-- WHAT TO PRODUCE --
Output the lines from the top of the entries below to the line with "Fashion Eyelash Curler with Special Design", both included, exactly and without pictures.

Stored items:
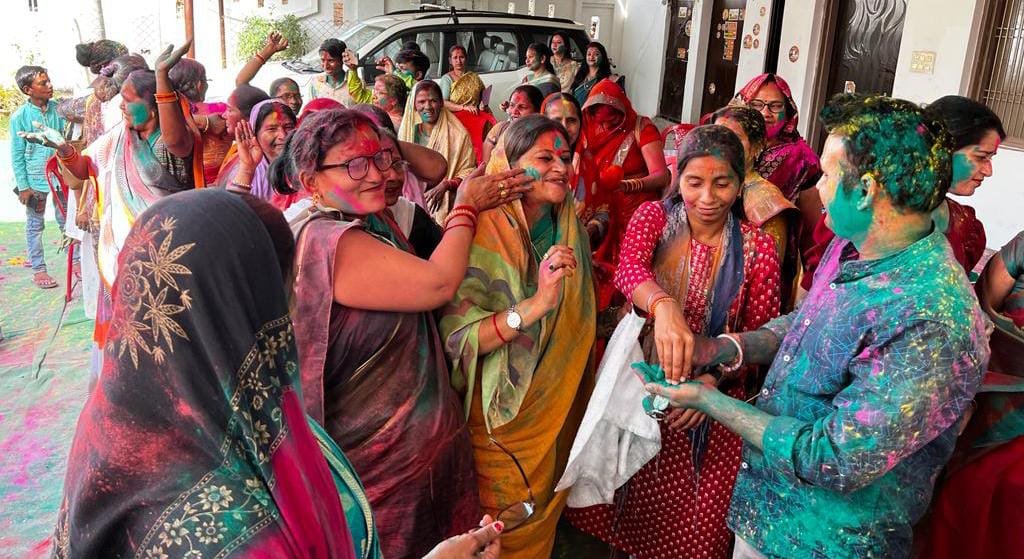 विधायक प्रकाश की जीत पर पत्नी पूर्व जिला पंचायत अध्यक्ष सरिता नें रंगों की मचाई धूम !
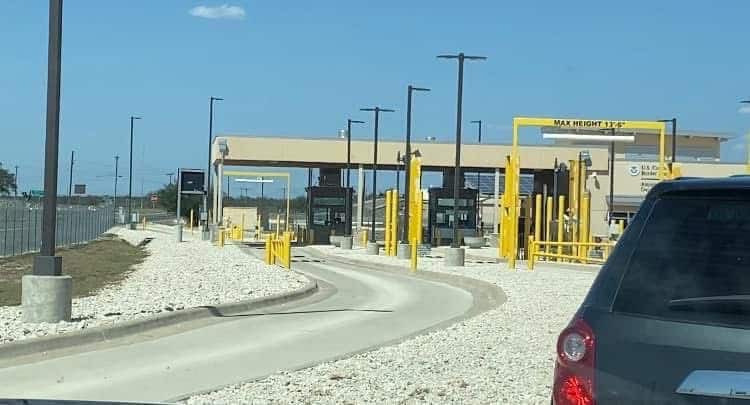 Reabren cruce vehicular en la presa de La Amistad tras mantenimiento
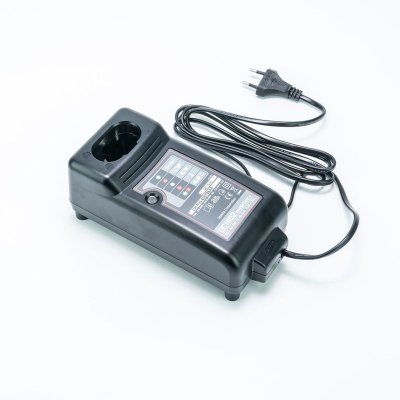 แท่นชาร์จ MAKITA รุ่น DC-1852 สีดำ (FOR MT-065)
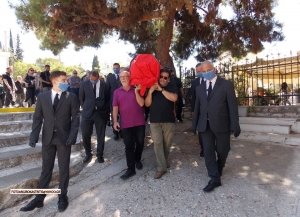 Η κηδεία του αγωνιστή Μάκη Σέρβου - Ο αποχαιρετισμός στο γελαστό παιδί από τον Σπαρτύλα της Κέρκυρας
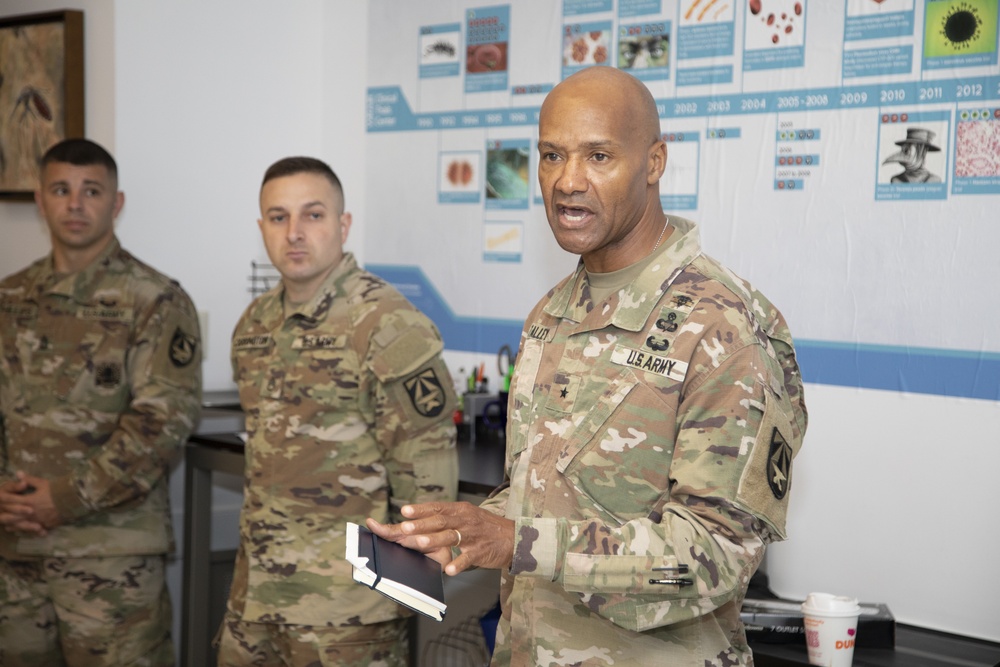 Major General Michael Talley Visits WRAIR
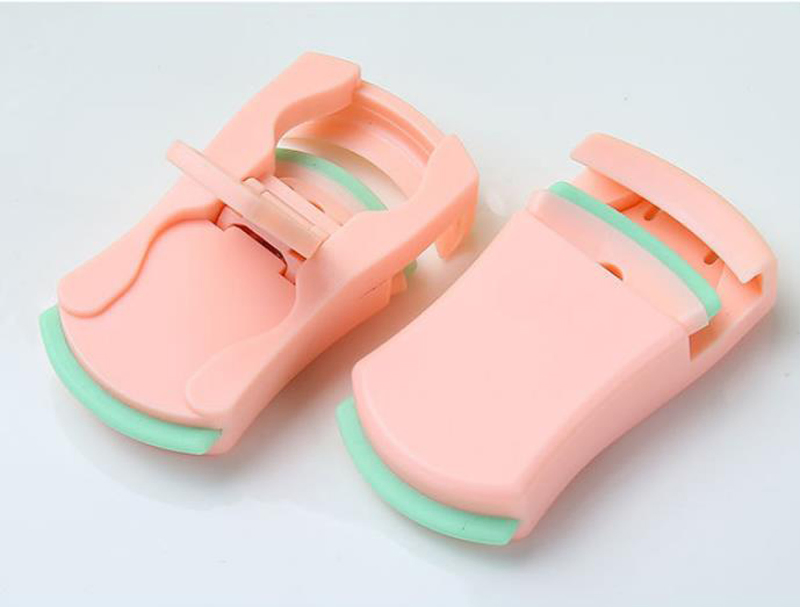 Fashion Eyelash Curler with Special Design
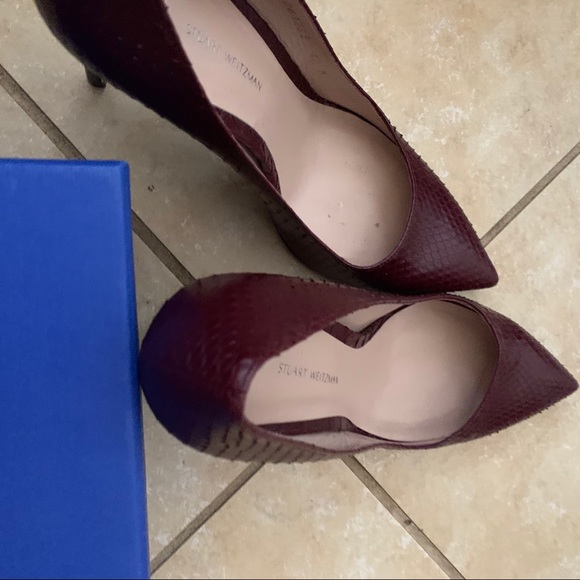 Stuart Weitzman Ingred Maroon Python Heels 7.5 - Picture 9 of 9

-- EXPECTED ANSWER --
 विधायक प्रकाश की जीत पर पत्नी पूर्व जिला पंचायत अध्यक्ष सरिता नें रंगों की मचाई धूम !
 Reabren cruce vehicular en la presa de La Amistad tras mantenimiento
 แท่นชาร์จ MAKITA รุ่น DC-1852 สีดำ (FOR MT-065)
 Η κηδεία του αγωνιστή Μάκη Σέρβου - Ο αποχαιρετισμός στο γελαστό παιδί από τον Σπαρτύλα της Κέρκυρας
 Major General Michael Talley Visits WRAIR
 Fashion Eyelash Curler with Special Design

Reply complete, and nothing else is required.